Beiersdorf middle east posts 22.3% regional net sales growth over 2007
Forecasts another successful year for 2009
Financial woes? Not so for the Beiersdorf Group, the world’s largest skin and beauty care manufacturer that came to fame with its renowned NIVEA brand.
Robert Taylor-Hughes, Managing Director and CEO for the Middle East and West Asia published year end results for the regional operation: “Our in-market sales show a 22.3% increase versus 2007, this is almost three times ahead of the regional market growth of around 8% in 2008 and fully in line with our ambitious annual business plan.”
In addition to outstanding sales figures, Beiersdorf Middle East majorly improved its market positions across the 16 countries responsible for, and added three number 2 and five number 1 positions, taking the total to 48 leading category positions across nine countries the company is officially audited for by Nielsen.
A TNS 2008 consumer insight survey furthermore puts NIVEA as the brand most top of mind, most liked and most purchased in the past twelve months in the categories in which they operate.

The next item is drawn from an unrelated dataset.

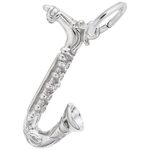 photo of Sterling silver saxophone charm item 001-710-03792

The Beiersdorf Group also had an excellent global performance in 2008 far outgrowing the global cosmetics and toiletries trends with net sales of €5.9bn, plus 10.6% growth adjusted for currency effects versus 2007, compared to global growth of around plus 3%. This puts the group ‘best in class’ versus their key competitors. The group also reached 136 worldwide number 1 categories by the year end. Testament to its success, Beiersdorf was recently elevated from the MDAX to the DAX in Germany as a safe haven for shareholders in deepening difficult economic times. The NIVEA turnover at Recommended Selling Prices already topped €6.3 billion in 2007 according to Euromonitor data.
When asked what were the highlights of the year, Taylor-Hughes commented: “Definitely the regional rollout of the global brand campaign ‘Beauty is…’, It was a striking campaign adapted skilfully to this region and we were recognized within the group as having the best global execution. Another highlight was the opening of the second global
NIVEA Haus Spa in Dubai Mall. It was a 12 month project which ate into virtually all my spare time as project manager and co-designer, but the end result was well worth the effort; we have created a true consumer brand experience and engagement destination to be proud of, and offer a real blue ocean opportunity compared to our competitors”.
Finally when asked about the problems facing the region in 2008, Taylor-Hughes reported: “We are very fortunate to have a brand that can ride out economic downturns, our experience shows consumers buy above all; value for money, high quality, brands they know and trust, they tend to experiment less, yet wish to treat themselves to small luxuries during such periods. NIVEA ticks all of these boxes so we expect another successful year in 2009, with very little adjustment to our forecasted plans”.